The cast of Natale a New York at Sleepy Hollow Country Club in Briarcliff Manor, New York

- Christian De Sica as Camillo "Lillo" Ferri
- Sabrina Ferilli as Barbara Ricacci
- Massimo Ghini as Claudio Ricacci
- Fabio De Luigi as Filippo Vessato
- Paolo Ruffini as Paolo Benci
- Francesco Mandelli as Francesco Benci
- Alessandro Siani as Lello
- Claudio Bisio as Dr. Severino Benci
- Elisabetta Canalis as Carlotta Ferri
- Fiorenza Marchegiani as Milena Ferri
- Amanda Gabbard as Mary
- Erika J. Othen as Sylvia
- Pamela Paul as Mary's mother
- Roy Yeager as Mary's father
- Jesse Buckler as Roosevelt Hotel director
- Eric Bright as George
- William J. Vila as taxi driver
- Bob Senkewicz as doctor
- Michael Muldoon as Detective John Palmer
- Peter Stoehr as priest
- Poofy as small white dog
- Ting Zhang as cheerleader #1 (uncredited)

==Soundtrack==
1. Bob Sinclar feat.
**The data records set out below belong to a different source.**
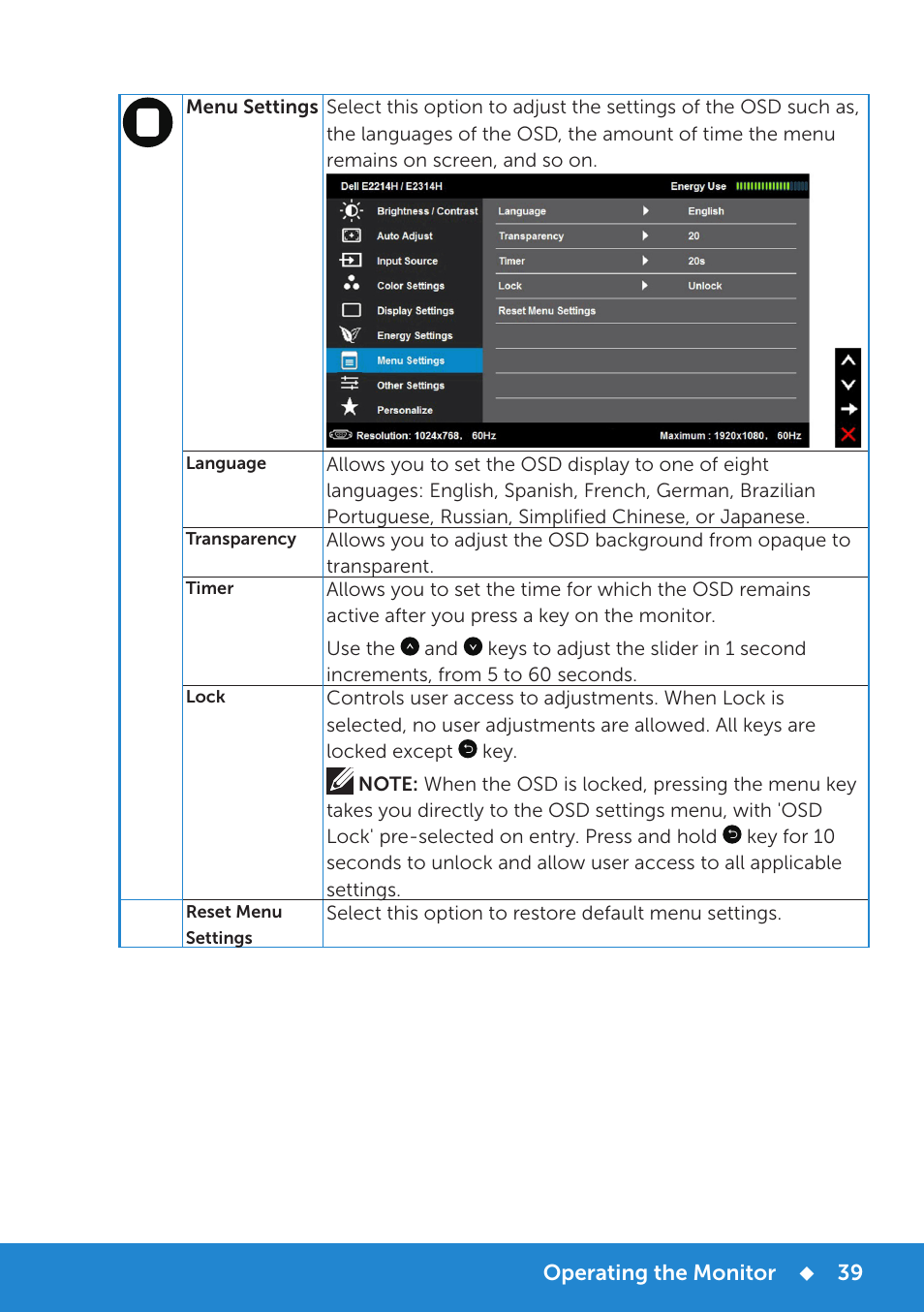 Dell E2214H Monitor User Manual | Page 39 / 70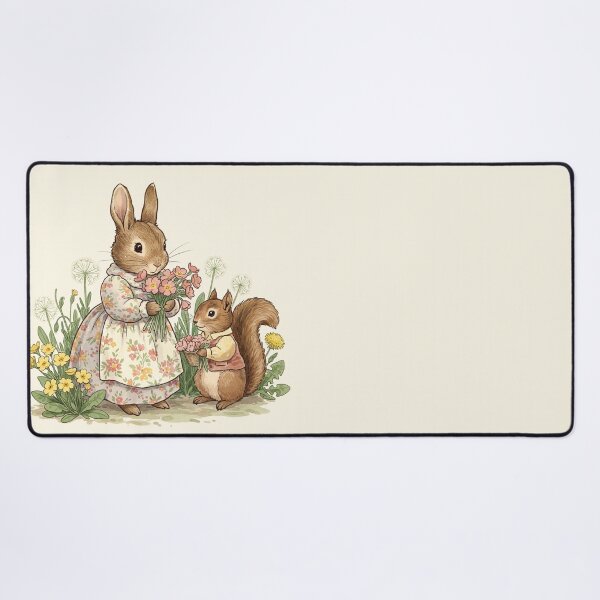 Item preview, Vintage Watercolor Bunny and Squirrel with Flowers designed and sold by Pasteltone.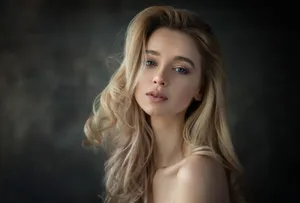 Blonde Female Model Bare Top Wallpaper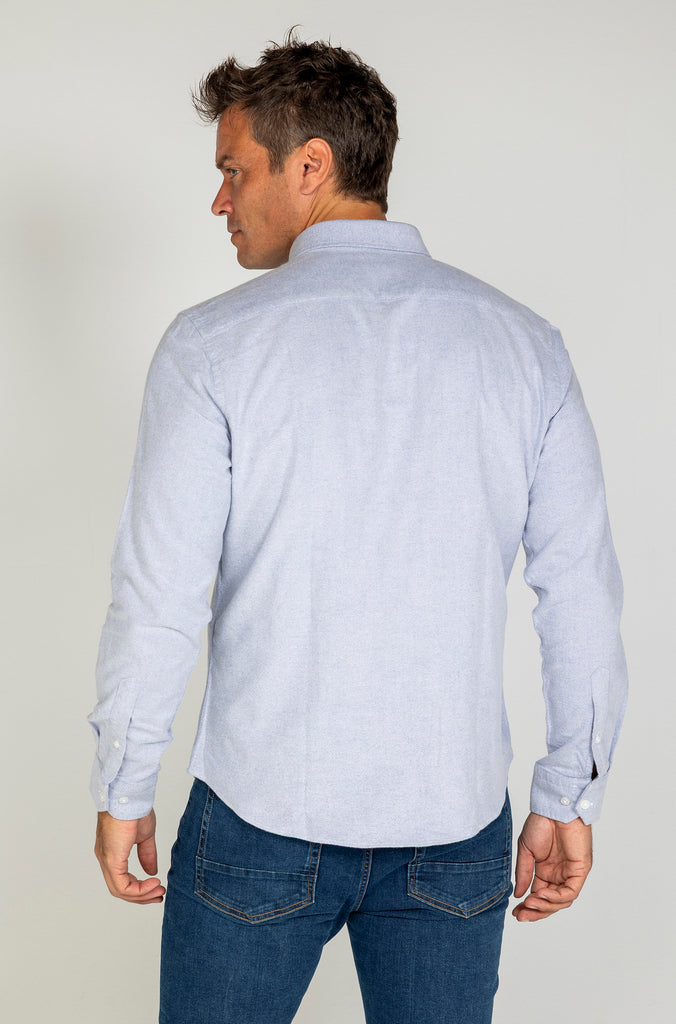 Camisa oxford esmerilada azul medio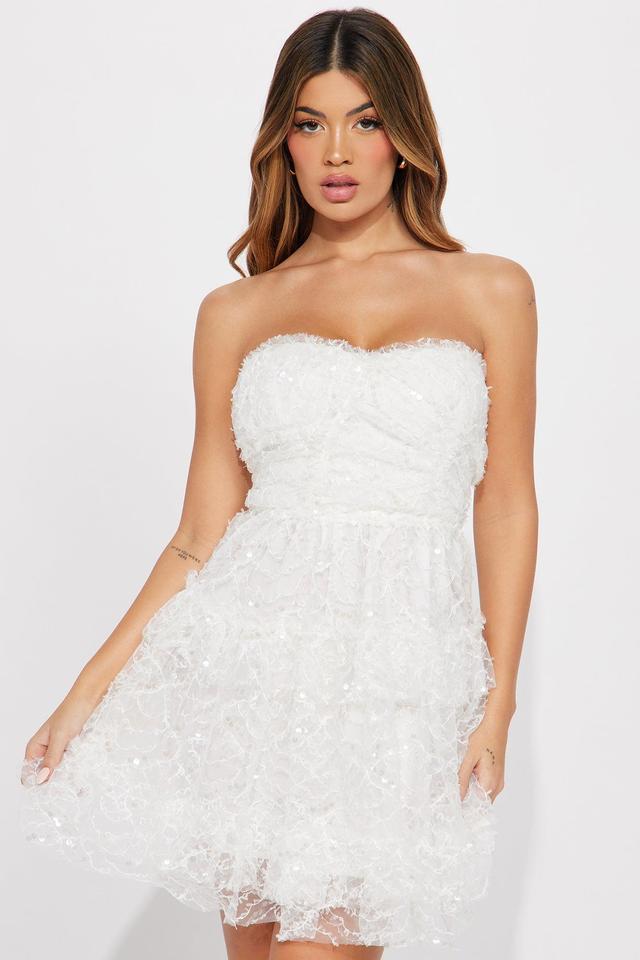 Maya Mesh Embroidery Mini Dress - White Product Image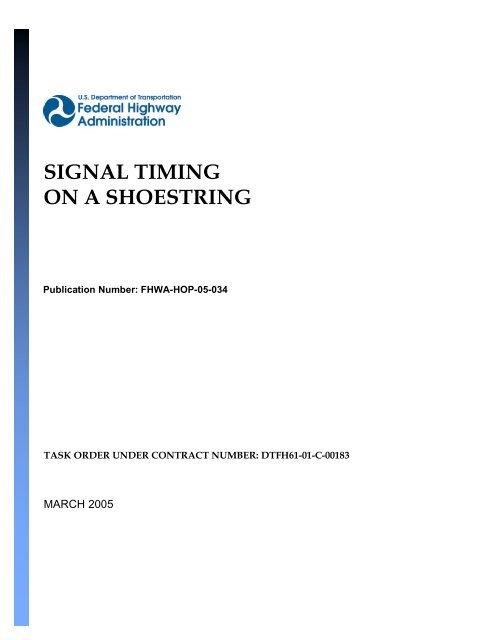 FHA Signal Timing On A Shoestring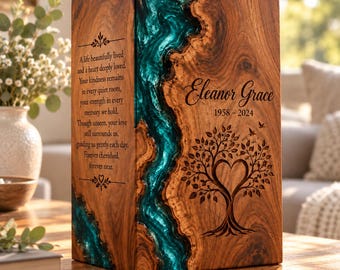 Personalized Rosewood Urn for Human Ashes, Resin Memorial Urn, Custom Engraved Cremation Urn, Adult Funeral Keepsake
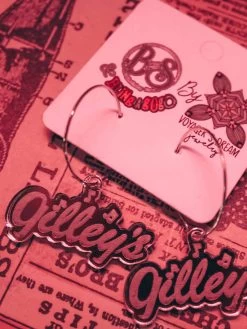 White Gilleys Logo Earrings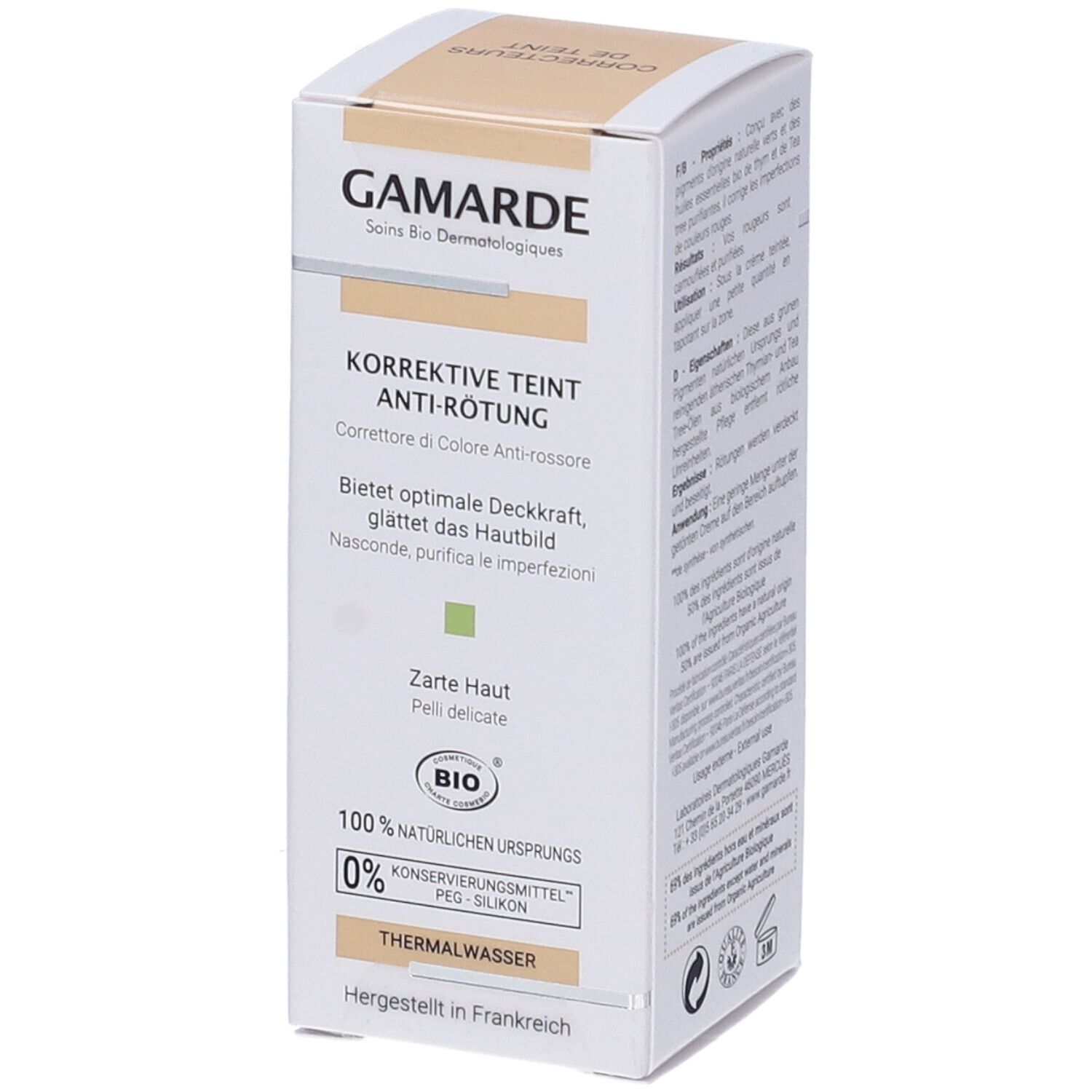 Confezione Gamarde bianca. Testo descrittivo, certificazione bio, e acqua termale. Correttore anti-rossore per pelli delicate.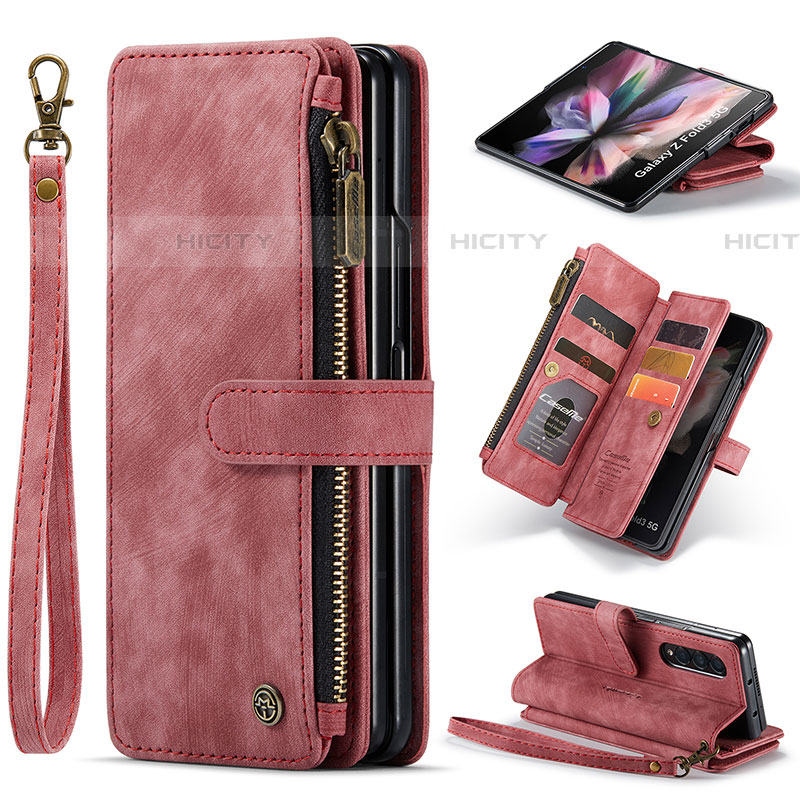 Coque Portefeuille Livre Cuir Etui Clapet CS1 pour Samsung Galaxy Z Fold4 5G Rouge Plus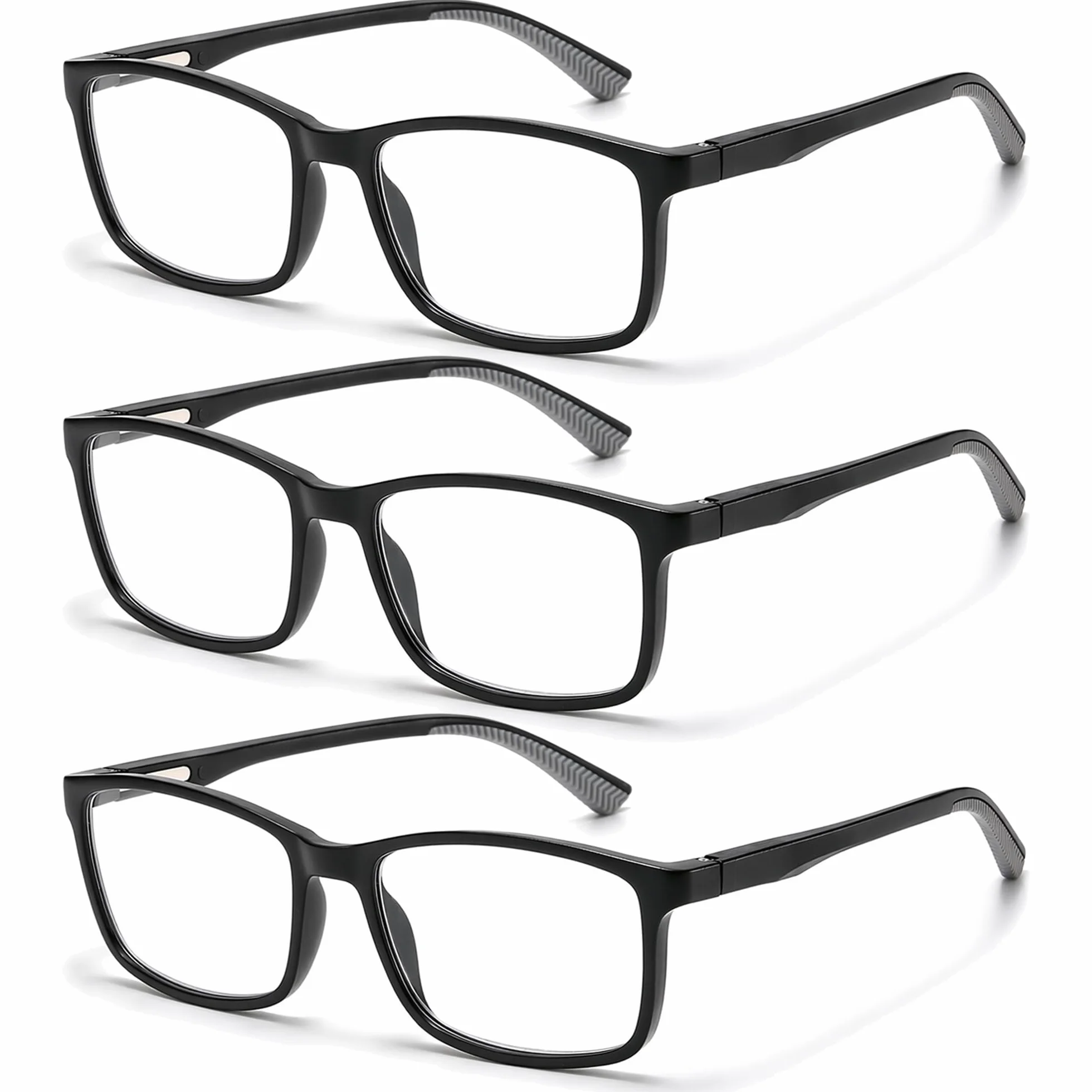 Occhiali da Lettura Anti-Luce Blu con Cerniere a Molla e Design Antiscivolo – 3 Paia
Steve Edwards - "World, Hold On (Children of the Sky)" (Radio Edit)
2. Michael Gray feat. Shelly Poole - "Borderline" (Radio Edit)
3. Lily Allen - "Smile" (Radio Edit)
4. The Kooks - "Naïve"
5. Corinne Bailey Rae - "Put Your Records On"
6. Seth Lakeman - "Lady of the Sea (Hear her Calling)" (New Radio Version)
7. Montefiori Cocktail - "Crazy" (Radio Edit)
8. Kenny - "I Love New York"
9. The House Keepers - "Feel Da Feeling" (Radio Edit)
10. Karis & Luke feat. Groove In Mind - "Dancer"
11. T-bone - "And I Feel Like"
12. Roselyn - "Music in Me"
13. Big Apple - "In The City" (House Mix)
14. Gnarls Barkley - Smiley faces (Edit)
15. Resound - "La mia faccia inutile (Lei che ride)"
16. Paolo Sandrini - "Green Sea"

==Production==
===Deleted scenes===
1. "In piscina" (By the Pool Somewhere in Italy - perhaps this would have been one of the funniest scenes in the film and shouldn't have been deleted - Christian De Sica at his best - deleted take)
2. "Camera d'Albergo" (Roosevelt Hotel scene with Ghini and Ferilli planning on cheating on each other some more - deleted take)
3. "Jeep" (Governor's Island location as Riverside College - appears to be a scene of the students and Vesato (De Luigi) getting a ride in the Jeep to the Wedding Rehearsal Dinner - deleted take)
4. "Tartaruga" (Marlboro Avenue Brooklyn location - The full un-edited 'reclamation of the wedding ring' scene at the inlaws' Wedding rehearsal dinner party - this version of this scene may have been a bit too graphic for Christmas audiences and this full version of the scene with the Turtle was cut yet is very funny - deleted edit)
5. "Il bacio" ('The Million Dollar Loft' scene as Carlota's parents apartment in New York City - a cute romantic scene with Canalis and Siani ending with a kiss - deleted take)

===Locations===
The film was mostly shot in the New York City Metropolitan area on location and a few scenes were also shot in a soundstage in Greenpoint, Brooklyn. Most scenes were filmed in New York State less a few scenes from the start of the film which were shot in Italy earlier in 2006. New York Production started some time in mid to late September and continued through mid November. Post production was done mostly in Italy and was released for Christmas week. The New York locations included Times Square, The Roosevelt Hotel, Governors Island and the Church of Our Lady of Peace in Manhattan, as well as Water's Edge Restaurant in Queens.

===Crew===
The main production core crew were brought in from Italy and spoke mostly in Italian on set although they did direct the NY Union crew in English. A swing gang did some overlap scenes in New York and the earlier scenes in the film were done in Italy by the core crew and local film crew. These include scenes of; Lillo's Mansion, Lillo reuniting with Barbara, Lillo and Barbara cheating together at an apartment as well as the scene with Barbara and her husband on their Yacht.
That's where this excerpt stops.